Differentiating acceleration using constant of motion

[grav-universe]

Let's say we have an object falling through an accelerated field from r to s. I would say a gravitational field, as it is by the same process as gravity, but I will be applying a different constant of motion within the field.

If the constant of motion is something like (1 - b / r) = (1 - (v_r/c)^2), or (1 - b / r) / (1 - (v_r/c)^2) = K (constant for all r), where b is also constant, then the acceleration in terms of r can be found with

b / r = (v_r/c)^2, b / s = (v_s/c)^2

a = d(v^2) / (2 dr)

a = (v_s^2 - v_r^2) / (2 dr), where r - s = dr

a = c^2 (b / s - b / r) / (2 (r - s))

a = c^2 b (r - s) / (2 r s (r - s))

a = c^2 b / (2 r^2)

But what I want to know is how we would find the acceleration similarly to the above example with a constant of motion within an accelerated field of (1 - b / r) = (1 - v_r / c) / (1 + v_r / c) instead?

 

[jvicens]

I would first clarify the terminology being used in this scenario. In physics, an accelerated field typically refers to a field where objects experience a force that causes them to accelerate. In this case, it seems that the term "accelerated field" is being used to describe a field with a changing gravitational constant.

In order to find the acceleration in this scenario, we would need to use the equations of motion in a changing gravitational field. This can be done by using the equation:

F = m (dv/dt) = m (d^2r/dt^2)

where F is the force, m is the mass of the object, v is the velocity, and r is the position.

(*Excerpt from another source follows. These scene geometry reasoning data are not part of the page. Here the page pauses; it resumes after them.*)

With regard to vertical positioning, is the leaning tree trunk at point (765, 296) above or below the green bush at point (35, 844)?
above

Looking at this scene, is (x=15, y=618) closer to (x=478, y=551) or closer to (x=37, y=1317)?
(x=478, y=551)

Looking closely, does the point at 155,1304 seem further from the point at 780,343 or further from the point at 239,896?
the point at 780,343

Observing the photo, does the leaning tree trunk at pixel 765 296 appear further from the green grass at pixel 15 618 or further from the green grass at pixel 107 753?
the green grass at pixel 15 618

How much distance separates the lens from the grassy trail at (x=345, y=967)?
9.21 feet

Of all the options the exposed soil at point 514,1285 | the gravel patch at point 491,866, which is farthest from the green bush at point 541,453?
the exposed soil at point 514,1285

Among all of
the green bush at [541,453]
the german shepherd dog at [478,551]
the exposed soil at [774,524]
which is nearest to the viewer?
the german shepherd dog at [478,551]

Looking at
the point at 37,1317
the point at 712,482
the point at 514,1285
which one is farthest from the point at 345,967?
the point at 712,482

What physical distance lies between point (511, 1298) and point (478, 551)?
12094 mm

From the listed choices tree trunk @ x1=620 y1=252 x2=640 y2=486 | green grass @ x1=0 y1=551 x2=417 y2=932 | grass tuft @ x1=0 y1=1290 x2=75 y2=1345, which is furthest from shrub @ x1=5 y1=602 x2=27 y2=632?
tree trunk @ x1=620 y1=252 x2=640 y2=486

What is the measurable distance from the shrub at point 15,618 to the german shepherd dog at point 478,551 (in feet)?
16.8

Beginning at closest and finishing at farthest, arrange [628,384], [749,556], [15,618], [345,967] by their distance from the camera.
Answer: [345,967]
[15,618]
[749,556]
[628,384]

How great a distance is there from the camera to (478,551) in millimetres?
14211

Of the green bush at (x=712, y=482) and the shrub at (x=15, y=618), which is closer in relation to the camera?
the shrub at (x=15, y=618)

In this case, the force experienced by the object would be given by:

F = G (1 - b/r)^2 m_1 m_2 / r^2

where G is the gravitational constant, b is the constant in the changing gravitational field, and m_1 and m_2 are the masses of the object and the source of the gravitational field, respectively.

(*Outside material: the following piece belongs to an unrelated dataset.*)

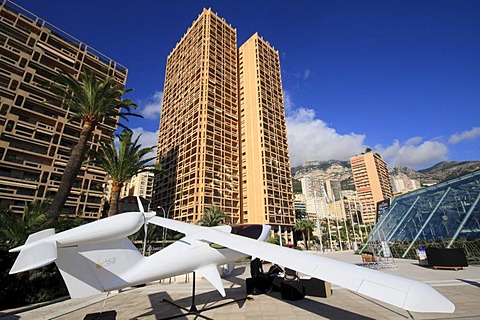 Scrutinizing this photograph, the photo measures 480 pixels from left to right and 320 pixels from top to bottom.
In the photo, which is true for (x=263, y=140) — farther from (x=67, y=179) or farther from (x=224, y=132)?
(x=67, y=179)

Using the equation F = m (d^2r/dt^2), we can then solve for the acceleration:

a = (d^2r/dt^2) = G (1 - b/r)^2 m_2 / r^2

We can then use the chain rule to express this acceleration in terms of r:

a = (dr/dt) (d^2r/dr^2) = v (dv/dr)

Finally, we can substitute in the expression for v (dv/dr) to get the acceleration in terms of r:

a = (d/dr) (v^2) = (d/dr) [(c^2 (1 - b/r)^2) / (1 - v_r/c)^2]

This expression can then be simplified and solved for the acceleration in terms of r. However, it is important to note that this is a simplified model and may not accurately reflect the true behavior of objects in a changing gravitational field. Further research and experimentation would be necessary to fully understand and accurately model this scenario.